L’Etat vient d’obtenir un crédit du FMI de 20 milliards de dollars grâce aux progrès obtenus dans la lutte contre l’inflation. La hausse des prix est passée de plus de 200% en 2023 à probablement moins de 25% en 2025. Mais la situation reste fragile. Les derniers indicateurs de prix ne sont pas aussi favorables. Javier Milei en profitera-t-il pour avancer son projet de dollarisation, lui qui, lors de son élection, qualifiait le peso d’«excrément»? Le débat sur la nécessité d’une dollarisation de l’économie argentine redouble ce printemps. Au moment où Donald Trump et ses conseillers sont en train de conduire à la dédollarisation de l’économie mondiale, est-ce une bonne idée?

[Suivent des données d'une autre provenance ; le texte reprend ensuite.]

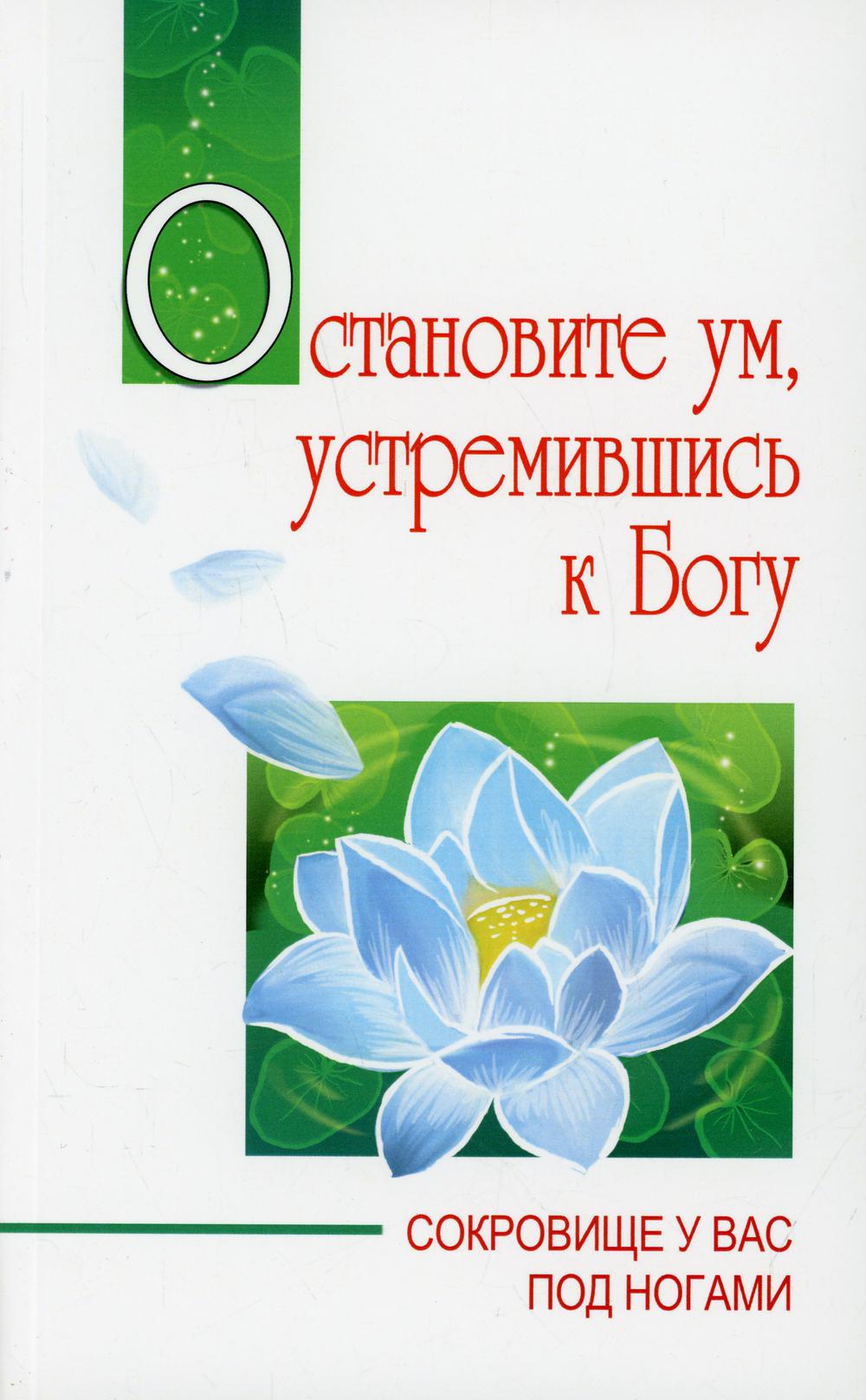 Остановите ум, устремившись к Богу. Сокровище у вас под ногами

Un trésor de guerre mieux doté
La relation privilégiée de Javier Milei avec Donald Trump a permis à l’Argentine de subir un droit de douane de «seulement» 10% sur ses exportations américaines. Mais les deux présidents se ressemblent de moins en moins. Comme le résume le Wall Street Journal: «Javier Milei est économiquement libéral, Donald Trump ne l’est pas». D’ailleurs le libre-échangiste Javier Milei ne doit pas ses succès économiques aux Etats-Unis mais à la mise en oeuvre de son programme de dérégulation et de coupes massives dans l’Etat. Il n’en reste pas moins que le système monétaire argentin n’est «pas soutenable», comme l’explique Mary Anastasia O’Grady dans le WSJ. L’écart de plus de 20% entre le taux officiel et le taux du marché: est un signal clair: «Le marché veut plus de dollars qu'il n'y en a au taux de change officiel. Plutôt que de laisser le peso se déprécier, la banque centrale est devenue un fournisseur de dollars à un taux de change du peso surévalué». Les réserves de dollars de la banque centrale argentine peinent donc à augmenter. Or c’est précisément une condition nécessaire si l’Argentine entend dollariser son économie comme le proposait Javier Milei avant son élection. C’est d’ailleurs pour répondre à ce besoin de réserves que le FMI vient d’accorder le crédit de 20 milliards.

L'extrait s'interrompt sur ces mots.